Global grant provides drinking water for remote village in Thailand
Rotary District 5170 (California, USA) is providing safe drinking water to 800 people in Lamchoke, Thailand, a remote village about 250 miles north of Bangkok, through a Rotary Foundation global grant.
The US$72,000 project was completed in August through District Designated Fund allocations, contributions from participating Rotary clubs, and a match from The Rotary Foundation. It involved three separate vocational training teams (VTTs): two led by California Rotarians to help launch and complete the project and one from the host club of Sawankhaloke North, which visited California to learn how to run a small water system.
According to Roy Russell, District 5170’s vocational training team chair and a member of the Rotary Club of San Jose, the project shows how VTTs foster cultural exchange while allowing Rotarians to use their vocational skills to benefit people in another country.
“I’ve been involved in Group Study Exchange (travel grants for teams from two countries to exchange visits) for the last eight years and have had a lot of experience in Southeast Asia. But I am very, very happy to see a project that has demonstrable results,” Russell says. “There’s nothing equal to turning on a valve and getting water where you didn’t have it before. And there’s still an exchange as the teams visit their counterparts.”
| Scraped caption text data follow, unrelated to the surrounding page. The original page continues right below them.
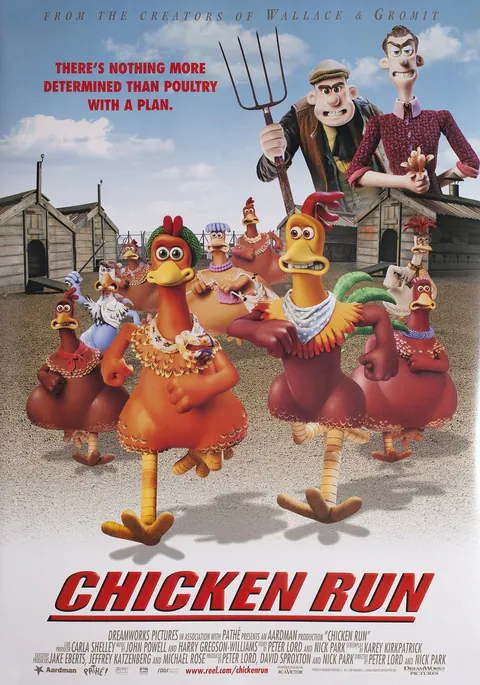 Póster de Pollitos en fuga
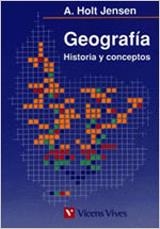 GEOGRAFIA : HISTORIA Y CONCEPTOS | 9788431626068 | HOLT-JENSEN, ARILD | Llibreria Aqualata | Comprar llibres en català i castellà online | Comprar llibres Igualada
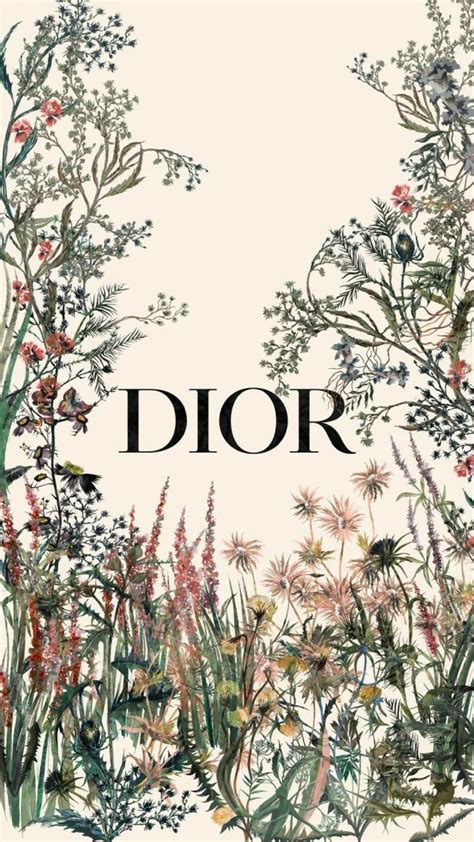 dior flower wallpaper|Dior wall decor wallpaper.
“I am very excited about VTTs,” says Roger Hassler, past governor of District 5170, “because they link the experience and knowledge of Rotarians and non-Rotarians together to do significant programs throughout the world.”
Hassler wanted to do a water project in Asia and recruited Russell, whose wife is Vietnamese, because of Russell’s connections and experience as a water professional. The idea was to drill a well. But when the exploratory team arrived in Thailand looking for an ideal site, they learned a valuable lesson in sustainable projects: always ask the local community what it needs.
As it turns out the village had a long history of digging wells that ran dry.
“We were getting all negative vibes from the village because they had had experience that drilling wells wasn’t good. And frankly, at that point I was pretty demoralized,” Russell recalls. “But then we were just chatting with the villagers, when suddenly we discovered that there was a treated water pipeline two or three miles away. The whole project changed. We would never have understood that if somebody hadn’t asked a question.”
The first VTT helped install pipeline from the existing water main to a water tank built on a hill above the village. The water then flows downhill to the village, where it branches off to individual homes. A water meter at each house monitors usage, with families paying a small monthly fee to maintain the system.
A four-person team from Thailand led by a Rotarian from the host club traveled to California in June to train in pipeline construction and sanitization and small water system management. They also accompanied an inspector for several days, learning how similar water systems in the United States work.
Another team from California visited Lamchoke in early August to finish the project, but two breaks in the existing main prevented them from completing their work. The breaks were repaired, and the Thai team finished the project a few weeks later.
“For the first time, they will have a safe and reliable water supply,” Russell says. “In the past, in the dry season, they’ve even had to truck in water. Now they can turn on a tap, use the water for drinking and cooking purposes, and live a much more comfortable and healthy life.”